Former Rep. Bob Ney confirmed Abramoff's story:
"I had no idea [what the obscure, coded phrases changed in the law]; I didn't care," Ney said. "It was a great big shell game. ... I was dumb enough to not say, 'What's this thing do?'"
In the span of 10 years, Jack Abramoff became the most powerful lobbyist on Capitol Hill. Congressmen lined up to do his bidding, executives heeded his advice and heads of governments hung on his every word. But scandal brought him down, ultimately casting him into prison.
ban lobbyists from making campaign donations or giving any gifts.
"No finger food, no snacks, no hot dogs. Nothing," he writes. "If you choose public service, choose it to serve the public, not your bank account. When you're done serving, go home. Get a real job."
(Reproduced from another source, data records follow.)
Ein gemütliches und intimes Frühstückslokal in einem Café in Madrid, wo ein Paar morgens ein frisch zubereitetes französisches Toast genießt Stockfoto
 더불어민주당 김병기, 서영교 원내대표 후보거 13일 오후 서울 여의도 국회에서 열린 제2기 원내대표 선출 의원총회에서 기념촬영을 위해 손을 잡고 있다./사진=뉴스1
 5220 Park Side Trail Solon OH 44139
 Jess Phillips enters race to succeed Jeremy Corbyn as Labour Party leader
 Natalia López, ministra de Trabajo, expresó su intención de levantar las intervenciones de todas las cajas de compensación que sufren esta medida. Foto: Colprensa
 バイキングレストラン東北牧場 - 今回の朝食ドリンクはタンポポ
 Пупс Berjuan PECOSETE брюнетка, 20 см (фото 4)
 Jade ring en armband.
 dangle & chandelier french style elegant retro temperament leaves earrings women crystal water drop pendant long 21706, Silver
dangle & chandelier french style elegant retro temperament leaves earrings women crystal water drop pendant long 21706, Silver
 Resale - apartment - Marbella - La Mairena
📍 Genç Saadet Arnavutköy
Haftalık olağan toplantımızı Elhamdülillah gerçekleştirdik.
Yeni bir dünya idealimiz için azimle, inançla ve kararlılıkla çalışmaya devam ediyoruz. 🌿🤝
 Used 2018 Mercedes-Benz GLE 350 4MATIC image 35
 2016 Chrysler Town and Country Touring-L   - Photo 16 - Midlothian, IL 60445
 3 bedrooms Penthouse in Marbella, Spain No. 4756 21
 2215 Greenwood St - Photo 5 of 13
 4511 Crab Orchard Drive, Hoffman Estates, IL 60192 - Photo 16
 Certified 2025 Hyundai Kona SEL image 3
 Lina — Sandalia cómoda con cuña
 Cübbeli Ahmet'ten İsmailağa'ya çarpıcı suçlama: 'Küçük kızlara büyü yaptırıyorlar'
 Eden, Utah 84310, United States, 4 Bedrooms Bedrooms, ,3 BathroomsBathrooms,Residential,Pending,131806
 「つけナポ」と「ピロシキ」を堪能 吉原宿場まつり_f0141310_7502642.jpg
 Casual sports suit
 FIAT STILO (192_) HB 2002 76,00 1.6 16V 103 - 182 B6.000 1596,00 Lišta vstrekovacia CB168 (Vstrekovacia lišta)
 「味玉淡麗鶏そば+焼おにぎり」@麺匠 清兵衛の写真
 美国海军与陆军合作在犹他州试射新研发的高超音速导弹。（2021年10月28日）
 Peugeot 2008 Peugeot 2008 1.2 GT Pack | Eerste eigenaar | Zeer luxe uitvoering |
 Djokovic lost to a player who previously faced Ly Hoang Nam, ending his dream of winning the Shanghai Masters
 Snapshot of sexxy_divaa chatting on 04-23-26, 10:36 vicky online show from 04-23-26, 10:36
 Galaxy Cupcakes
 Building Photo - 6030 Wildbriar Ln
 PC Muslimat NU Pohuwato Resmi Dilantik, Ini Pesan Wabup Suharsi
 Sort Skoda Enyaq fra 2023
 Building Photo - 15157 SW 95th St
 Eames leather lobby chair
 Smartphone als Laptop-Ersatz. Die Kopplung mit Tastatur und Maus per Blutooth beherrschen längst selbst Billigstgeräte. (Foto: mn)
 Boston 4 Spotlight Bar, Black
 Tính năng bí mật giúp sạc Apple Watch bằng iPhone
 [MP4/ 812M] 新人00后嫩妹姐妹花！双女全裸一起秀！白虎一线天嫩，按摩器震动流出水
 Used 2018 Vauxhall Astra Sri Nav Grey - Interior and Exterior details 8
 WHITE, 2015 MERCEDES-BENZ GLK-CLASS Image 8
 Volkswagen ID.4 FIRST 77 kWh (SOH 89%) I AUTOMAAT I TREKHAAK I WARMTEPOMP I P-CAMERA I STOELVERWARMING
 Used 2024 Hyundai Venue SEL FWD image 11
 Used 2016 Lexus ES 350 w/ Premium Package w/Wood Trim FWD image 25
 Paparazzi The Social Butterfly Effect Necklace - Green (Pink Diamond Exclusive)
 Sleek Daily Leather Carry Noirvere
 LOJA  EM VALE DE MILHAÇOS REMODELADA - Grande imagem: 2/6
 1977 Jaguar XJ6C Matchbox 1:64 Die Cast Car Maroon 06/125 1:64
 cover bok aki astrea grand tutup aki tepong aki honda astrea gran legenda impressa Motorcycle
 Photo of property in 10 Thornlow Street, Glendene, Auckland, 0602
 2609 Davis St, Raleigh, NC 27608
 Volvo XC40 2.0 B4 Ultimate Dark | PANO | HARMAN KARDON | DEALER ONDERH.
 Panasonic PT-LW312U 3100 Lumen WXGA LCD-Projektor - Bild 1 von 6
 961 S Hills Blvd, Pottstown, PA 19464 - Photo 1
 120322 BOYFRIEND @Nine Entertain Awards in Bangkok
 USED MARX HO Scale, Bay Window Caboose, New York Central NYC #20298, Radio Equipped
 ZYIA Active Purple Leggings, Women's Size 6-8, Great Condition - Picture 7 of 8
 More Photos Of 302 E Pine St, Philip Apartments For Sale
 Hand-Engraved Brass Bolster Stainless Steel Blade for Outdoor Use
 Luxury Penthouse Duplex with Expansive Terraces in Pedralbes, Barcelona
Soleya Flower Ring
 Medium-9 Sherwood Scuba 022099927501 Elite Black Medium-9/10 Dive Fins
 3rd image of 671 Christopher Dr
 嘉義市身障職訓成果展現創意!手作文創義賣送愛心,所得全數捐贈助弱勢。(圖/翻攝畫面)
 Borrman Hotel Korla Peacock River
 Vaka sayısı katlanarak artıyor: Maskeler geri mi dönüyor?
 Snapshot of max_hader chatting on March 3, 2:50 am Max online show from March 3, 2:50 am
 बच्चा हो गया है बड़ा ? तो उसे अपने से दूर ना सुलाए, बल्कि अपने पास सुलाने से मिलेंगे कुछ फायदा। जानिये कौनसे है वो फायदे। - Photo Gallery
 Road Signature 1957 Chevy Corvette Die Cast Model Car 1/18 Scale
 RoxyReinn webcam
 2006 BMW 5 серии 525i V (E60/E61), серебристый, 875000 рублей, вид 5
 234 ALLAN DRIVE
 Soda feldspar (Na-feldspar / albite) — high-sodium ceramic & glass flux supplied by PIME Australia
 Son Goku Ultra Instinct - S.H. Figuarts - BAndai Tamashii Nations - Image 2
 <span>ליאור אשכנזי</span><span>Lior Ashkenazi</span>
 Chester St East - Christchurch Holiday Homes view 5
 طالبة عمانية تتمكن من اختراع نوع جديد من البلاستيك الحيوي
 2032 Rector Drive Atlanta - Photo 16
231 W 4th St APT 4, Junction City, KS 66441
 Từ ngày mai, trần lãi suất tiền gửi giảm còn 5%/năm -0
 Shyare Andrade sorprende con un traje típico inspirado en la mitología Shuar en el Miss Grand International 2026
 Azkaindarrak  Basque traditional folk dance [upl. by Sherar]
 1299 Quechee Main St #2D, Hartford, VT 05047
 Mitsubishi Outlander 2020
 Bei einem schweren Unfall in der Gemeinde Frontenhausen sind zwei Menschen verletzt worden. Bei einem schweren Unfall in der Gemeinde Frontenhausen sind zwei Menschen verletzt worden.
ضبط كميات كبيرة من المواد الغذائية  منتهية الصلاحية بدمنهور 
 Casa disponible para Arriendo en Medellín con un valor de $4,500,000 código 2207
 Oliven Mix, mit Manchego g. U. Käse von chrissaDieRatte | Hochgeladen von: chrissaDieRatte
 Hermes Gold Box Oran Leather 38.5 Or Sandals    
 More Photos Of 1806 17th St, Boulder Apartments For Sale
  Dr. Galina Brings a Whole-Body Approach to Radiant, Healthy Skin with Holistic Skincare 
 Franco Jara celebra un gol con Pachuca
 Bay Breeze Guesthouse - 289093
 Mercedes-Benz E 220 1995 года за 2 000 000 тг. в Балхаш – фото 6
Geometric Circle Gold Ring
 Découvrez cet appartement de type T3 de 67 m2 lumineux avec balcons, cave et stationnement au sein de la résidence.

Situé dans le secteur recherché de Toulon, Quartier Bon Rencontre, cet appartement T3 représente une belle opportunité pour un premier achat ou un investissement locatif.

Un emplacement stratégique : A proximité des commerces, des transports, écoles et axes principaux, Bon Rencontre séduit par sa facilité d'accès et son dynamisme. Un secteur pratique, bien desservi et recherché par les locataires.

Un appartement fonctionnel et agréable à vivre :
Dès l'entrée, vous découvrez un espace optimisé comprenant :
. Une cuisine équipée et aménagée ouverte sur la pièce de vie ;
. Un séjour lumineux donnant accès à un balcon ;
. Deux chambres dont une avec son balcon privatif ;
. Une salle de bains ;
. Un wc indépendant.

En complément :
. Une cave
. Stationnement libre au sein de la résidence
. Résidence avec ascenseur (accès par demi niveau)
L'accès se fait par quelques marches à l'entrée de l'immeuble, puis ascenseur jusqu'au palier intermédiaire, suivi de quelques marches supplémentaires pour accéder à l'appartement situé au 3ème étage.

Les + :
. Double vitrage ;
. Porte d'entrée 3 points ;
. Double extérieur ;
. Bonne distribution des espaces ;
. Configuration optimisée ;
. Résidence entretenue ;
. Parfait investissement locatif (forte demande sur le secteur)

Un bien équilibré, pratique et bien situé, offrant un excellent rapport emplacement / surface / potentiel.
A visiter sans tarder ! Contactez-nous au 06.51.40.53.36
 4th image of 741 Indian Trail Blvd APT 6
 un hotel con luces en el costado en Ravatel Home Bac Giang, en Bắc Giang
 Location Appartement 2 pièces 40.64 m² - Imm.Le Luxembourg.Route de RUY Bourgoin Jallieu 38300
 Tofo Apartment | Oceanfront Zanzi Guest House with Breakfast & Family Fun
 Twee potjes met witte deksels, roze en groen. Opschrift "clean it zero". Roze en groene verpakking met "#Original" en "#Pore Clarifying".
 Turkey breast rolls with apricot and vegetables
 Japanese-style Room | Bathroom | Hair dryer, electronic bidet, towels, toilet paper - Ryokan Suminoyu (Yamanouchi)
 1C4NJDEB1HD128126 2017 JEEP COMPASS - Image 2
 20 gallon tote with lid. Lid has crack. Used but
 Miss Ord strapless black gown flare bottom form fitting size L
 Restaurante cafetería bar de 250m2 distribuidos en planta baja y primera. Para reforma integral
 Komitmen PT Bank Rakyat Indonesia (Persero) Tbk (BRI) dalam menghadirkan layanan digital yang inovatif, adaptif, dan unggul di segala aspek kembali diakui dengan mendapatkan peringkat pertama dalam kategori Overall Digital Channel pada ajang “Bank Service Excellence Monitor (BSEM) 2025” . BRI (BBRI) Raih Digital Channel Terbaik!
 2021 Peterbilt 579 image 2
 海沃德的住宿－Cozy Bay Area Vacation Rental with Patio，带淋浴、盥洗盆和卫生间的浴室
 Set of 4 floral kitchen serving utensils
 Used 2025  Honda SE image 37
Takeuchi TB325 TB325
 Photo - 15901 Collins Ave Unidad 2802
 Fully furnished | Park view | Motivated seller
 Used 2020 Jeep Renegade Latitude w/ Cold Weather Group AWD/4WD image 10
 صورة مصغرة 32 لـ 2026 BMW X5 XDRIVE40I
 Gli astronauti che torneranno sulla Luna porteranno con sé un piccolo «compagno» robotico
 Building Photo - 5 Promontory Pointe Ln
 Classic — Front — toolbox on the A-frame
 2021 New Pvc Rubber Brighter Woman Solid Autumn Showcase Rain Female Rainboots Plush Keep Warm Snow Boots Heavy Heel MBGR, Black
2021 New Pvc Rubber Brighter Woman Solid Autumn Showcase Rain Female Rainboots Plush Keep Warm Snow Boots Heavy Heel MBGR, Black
Abramoff took on the Northern Mariana Islands as a client in 1995. Abramoff and his law firm were paid at least $6.7 million by the CNMI government from 1995 to 2001.[1] The CNMI is a US commonwealth and thus may apply the "Made in USA" label to goods manufactured on Saipan. Frank Murkowski, then Republican Senator from Alaska and chairman of the Senate Energy and Natural Resources Committee, submitted a bill to extend the protection of U.S. minimum-wage labor laws to the workers in the CNMI. In testimony before the Senate, it was described that 91% of the private-sector workforce were immigrants, and were being paid barely half the U.S. minimum hourly wage. Stories also emerged of workers forced to live behind barbed wire in squalid shacks without plumbing. A Department of the Interior report found that "Chinese women were subject to forced abortions and that women and children were subject to forced prostitution in the local sex-tourism industry." [2] The Senate passed the Murkowski worker reform bill unanimously.
Abramoff has a solution though and it makes sense
ban lobbyists from making campaign donations or giving any gifts.
"No finger food, no snacks, no hot dogs. Nothing," he writes. "If you choose public service, choose it to serve the public, not your bank account. When you're done serving, go home. Get a real job."
Originally posted by jibeho
Here's the big secret... This stuff is still going on today. After the Abramoff meltdown nothing has changed. Might want to pass that on to the OWS crowd who refuse to march on Capital Hill and the White House.
Originally posted by TheWalkingFox
Originally posted by jibeho
Here's the big secret... This stuff is still going on today. After the Abramoff meltdown nothing has changed. Might want to pass that on to the OWS crowd who refuse to march on Capital Hill and the White House.
I keep hearing this "demand" from people who keep going on about how much they utterly and completely hate the very idea of OWS at the most fundamental level. So, I really can't help but take it with a grain of salt.
Here's the thing, jibeho. Changing the sheets doesn't clean the mattress. We can keep installing new legislators, and all that will happen is that the lobbyists and the dealmakers and the "campaign donors" will keep buying them. So it's pretty much useless to "occupy congress" until there is traction gained against the source of the corruption.
I know there are several posters here who simply flat refuse to believe that the people buying our government are to blame for anything, but htey are in fact where the bulk of the blame lies. They are the root of the problem. Block them, and then we can see about cleaning house effectively.
Until then, you can have the whitest, cleanest linens possible, and you'll still wake up covered in bug bites.
OP no idea why you would berate OWS for this, the primary focus of their protest is over corporate influence and government corruption.